_Assignment_
Repeat the data word for word and skip the pictures.

[Items from a data source]
++++++++

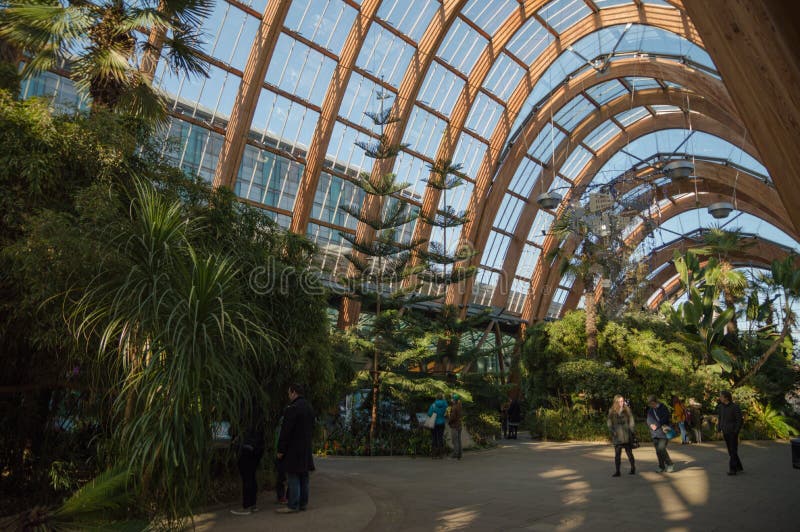 Inside the Winter Gardens in Sheffield, South Yorkshire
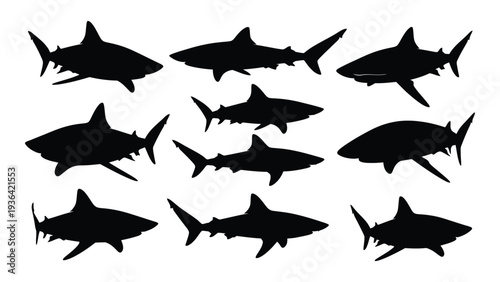 A group of shark silhouettes on a white background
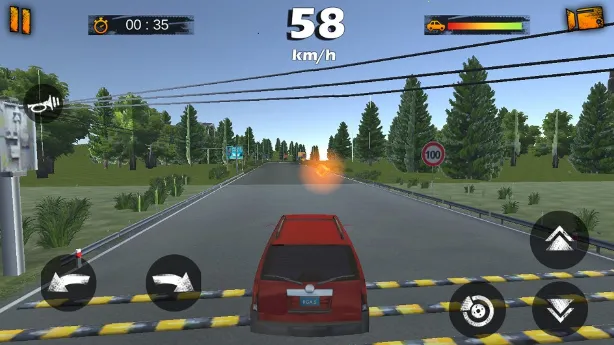 ���ż�ʻģ��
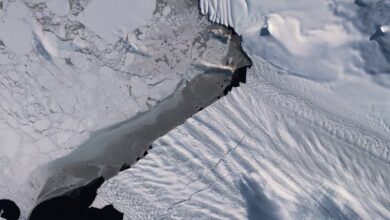 El microplástico alcanza ya en núcleos de hielo de la Antártida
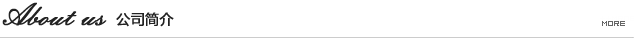 公司簡(jiǎn)介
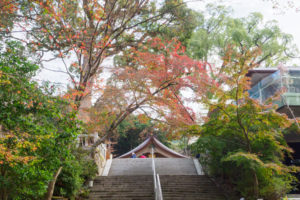 紅葉の写真
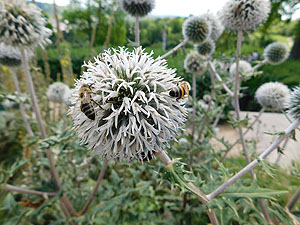 Bienen bei der Arbeit im Priestergarten bei der Grabkapelle auf dem Rotenberg. Foto: Doris Grau/ssg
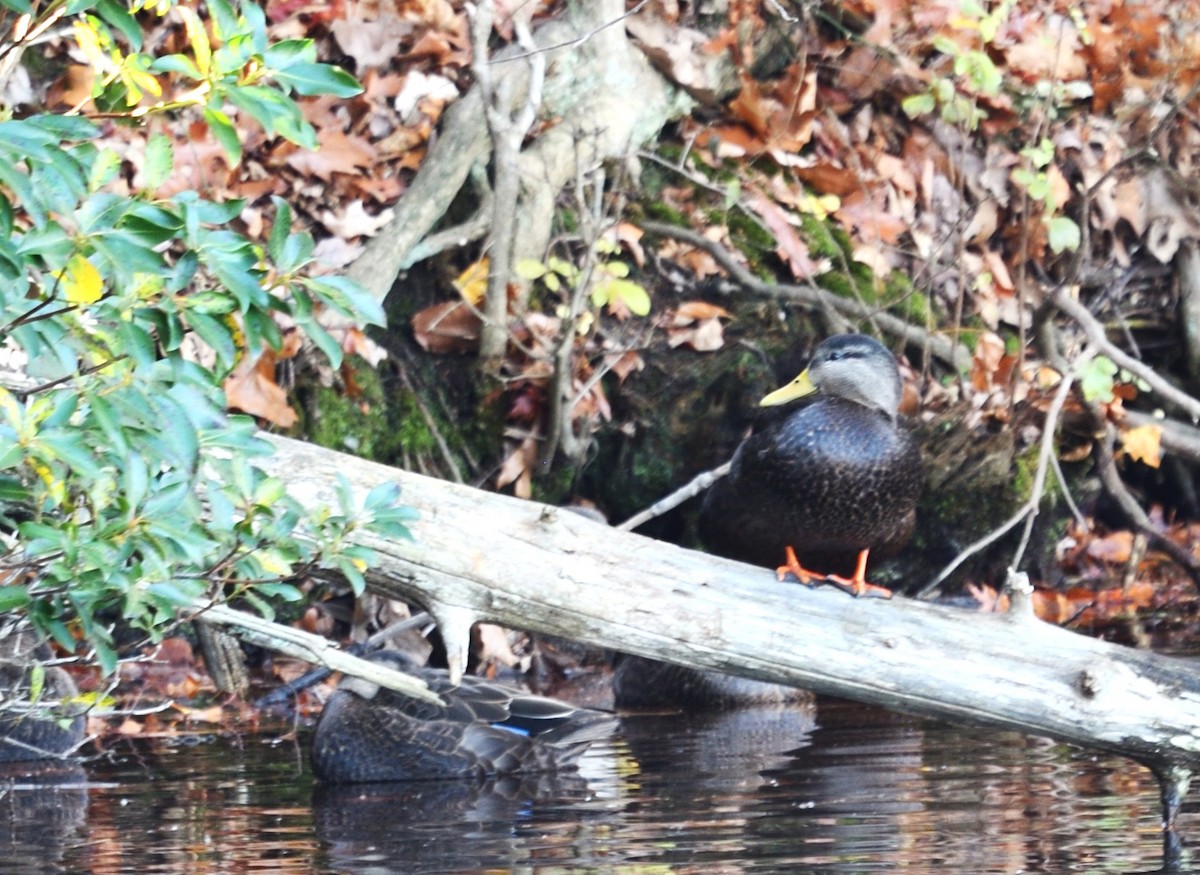 American Black Duck - ML645807369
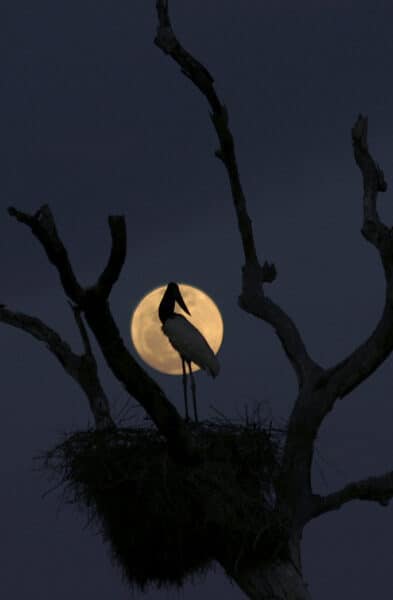 Jabiru stork Brazil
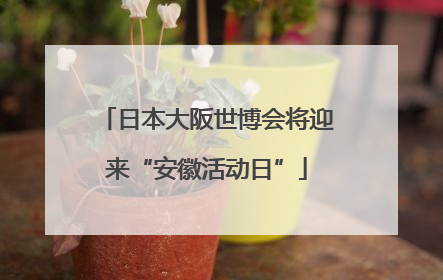 日本大阪世博会将迎来“安徽活动日”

++++++++

_Output_
 Inside the Winter Gardens in Sheffield, South Yorkshire
 A group of shark silhouettes on a white background
 ���ż�ʻģ��
 El microplástico alcanza ya en núcleos de hielo de la Antártida
 公司簡(jiǎn)介
 紅葉の写真
 Bienen bei der Arbeit im Priestergarten bei der Grabkapelle auf dem Rotenberg. Foto: Doris Grau/ssg
 American Black Duck - ML645807369
 Jabiru stork Brazil
 日本大阪世博会将迎来“安徽活动日”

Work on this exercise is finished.